This is the documentation for a previous version of our product. Click here to see the latest version.

Real-time Container Quick Start Guide

This guide will walk you through the steps needed to deploy the Speechmatics Real-time Container ready for transcription.

Check system requirements
Pull the Docker Image
Run the Container

After these steps, the Docker Image can be used to create containers that will transcribe audio files. More information about using the API for real-time transcription is detailed in the Speech API guide.

System Requirements

Speechmatics containerized deployments are built on the Docker platform. At present a separate Docker image is required for each language to be transcribed. Each docker image takes about 3GB of storage.

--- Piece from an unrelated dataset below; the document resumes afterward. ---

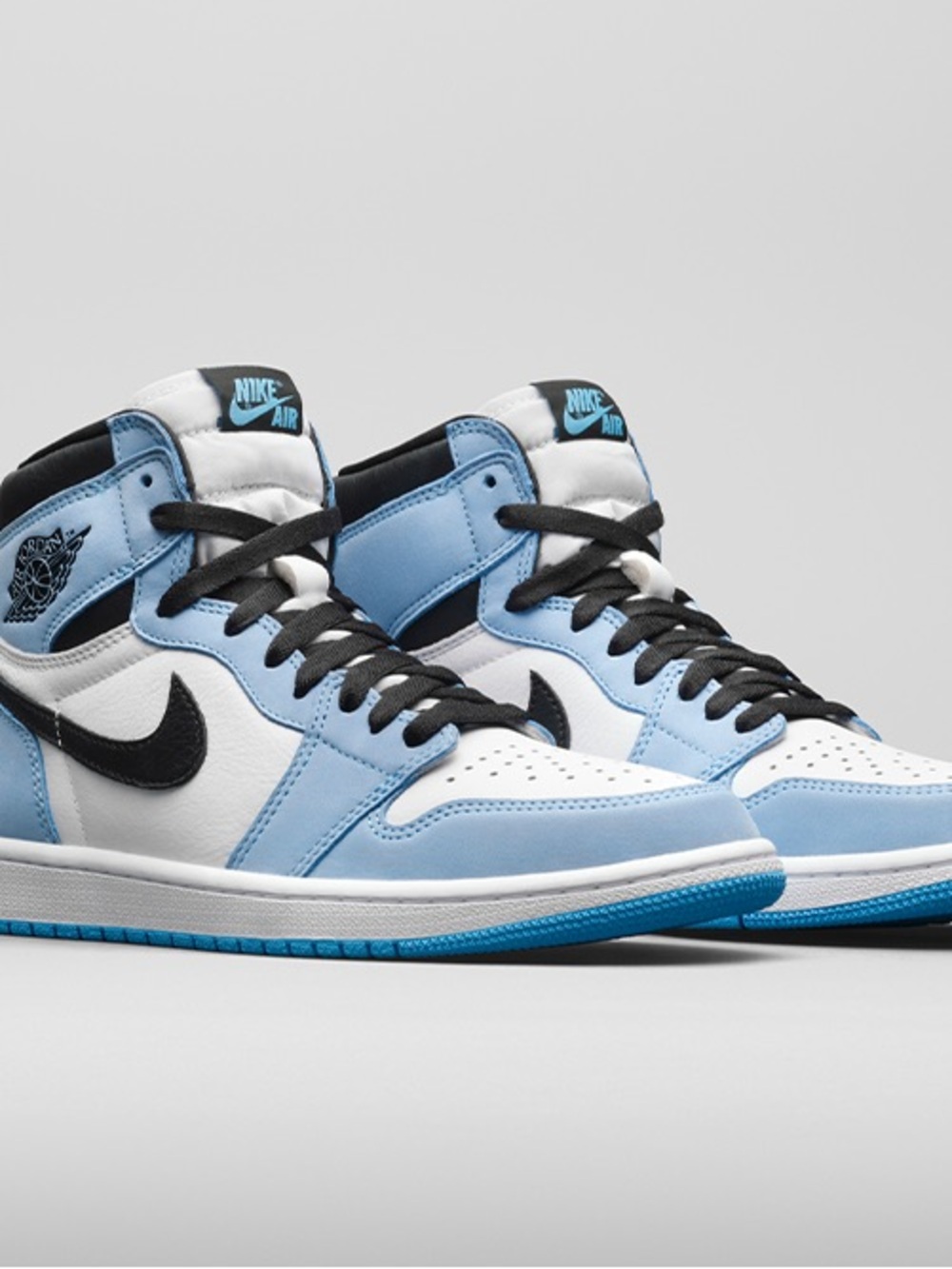 Nike Air Jordan 1 Mid — White & Light Blue with Black Accents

A single image can be used to create and run multiple containers concurrently, each running container will require the following resources:

1
2-5GB RAM
100MB hard disk space

The host machine requires a processor with following minimum specification: Intel® Xeon® CPU E5-2630 v4 (Sandy Bridge) 2.20GHz (or equivalent). This is important because these chipsets (and later ones) support Advanced Vector Extensions (AVX). The machine learning algorithms used by Speechmatics ASR require the performance optimizations that AVX provides. You should also ensure that your hypervisor has AVX enabled.

Architecture

Each container:

Provides the ability to transcribe speech data in a predefined language from a live stream or a recorded audio file. The container will receive audio input using a WebSocket interface, and will provide the following output:
- Words in the transcript
- Word confidence
- Timing information
Multiple instances of the container can be run on the same Docker host. This enables scaling of a single language or multiple-languages as required
All data is transitory, once a container completes its transcription it removes all record of the operation, no data is persisted.

Accessing the Image

The Speechmatics Docker images are obtainable from the Speechmatics Docker repository (jfrog.io). If you do not have a Speechmatics software repository account or have lost your details, please contact Speechmatics support support@speechmatics.com.

The latest information about the containers can be found in the solutions section of the support portal. If a support account is not available or the Containers section is not visible in the support portal, please contact Speechmatics support support@speechmatics.com for help.

Prior to pulling any Docker images, the following must be known:

Speechmatics Docker URL – provided by the Speechmatics team
Image name (which usually includes the language code of the target language, e.g. en for English or de for German)
Image tag - which identifies the image version

Getting the Image

After gaining access to the relevant details for the Speechmatics software repository, follow the steps below to login and pull the Docker images that are required.

Software Repository Login

Ensure the Speechmatics Docker URL and software repository username and password are available. The endpoint being used will require Docker to be installed. For example:

docker login https://speechmatics-docker-example.jfrog.io

You will be prompted for username and password. If successful, you will see the response:

Login Succeeded

If unsuccessful, please verify your credentials and URL. If problems persist, please contact Speechmatics support.

Pulling the Image

To pull the Docker image to the local environment follow the instructions below. Each supported language pack comes as a different Docker image, so the process will need to be repeated for each required language.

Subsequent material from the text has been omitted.